A flying visit through here as one of our little group couldn't fit through the access point and I could only just squeeze myself in, the most bloody awkward and slightly embarrassing access into anywhere I've done for some time. This small bungalow was owned by someone with an obvious passion for railways (why else would you choose to live next to a level crossing?) as well as keeping fish and lizards, which is where the stink comes in...

Didn't spend long in here at all because of the aforementioned stink and Landie Man stranded outside, it's a shame the model railway layout has been buried under all sorts of crap.

All shot handheld on my 30mm lens as I couldn't be arsed to change back to my wide angle after finishing at the care home before this.

























































Thanks for looking, more here https://www.flickr.com/photos/mookie427/sets/72157654719507733 ​


----------



## krela (Aug 10, 2015)

"Vinegar, 1001 practical uses" sounds like an interesting read.


----------



## Dirus_Strictus (Aug 10, 2015)

krela said:


> "Vinegar, 1001 practical uses" sounds like an interesting read.



From cleaning wounds to washing down paint work prior to redecorating - the gargle is a very good remedy for sore throats!


----------



## krela (Aug 10, 2015)

Dirus_Strictus said:


> From cleaning wounds to washing down paint work prior to redecorating - the gargle is a very good remedy for sore throats!



Three down, nine hundred and ninety eight to go.


----------



## flyboys90 (Aug 10, 2015)

Nice find so much to see!Great shots.


----------



## Sam Haltin (Aug 10, 2015)

Nice shots.

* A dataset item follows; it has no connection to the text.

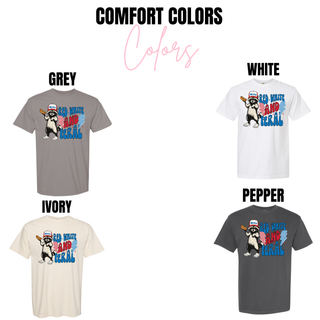 Comfort Colors tee Red White and Feral in grey, white, ivory, pepper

I do believe that this used to be a crossing keeper's cottage and when the level crossing was changed from manual gates to automatic the crossing keeper became redundant, so he just carried on with his hobby of railways, keeping fish and growing cacti.


----------



## smiler (Aug 10, 2015)

Nice One that Mook, Thanks


----------



## UrbanX (Aug 11, 2015)

Nice one! Well worth the squeeze!
Thanks for sharing


----------



## cunningplan (Aug 11, 2015)

Another nice set there


----------



## HughieD (Aug 13, 2015)

Ha ha....The access point info made me chuckle! Thanks for sharing. Great set as always...


----------



## mookster (Aug 13, 2015)

HughieD said:


> Ha ha....The access point info made me chuckle! Thanks for sharing. Great set as always...



If you saw the photo of me trying to fit through it you'd be in hysterics


----------



## thorfrun (Aug 13, 2015)

great shots, the model loco is a great scot class n-guage and was brought out new in 2003, which matches the date on the bbc calender on the first shot, not a trainspotter just googled it


----------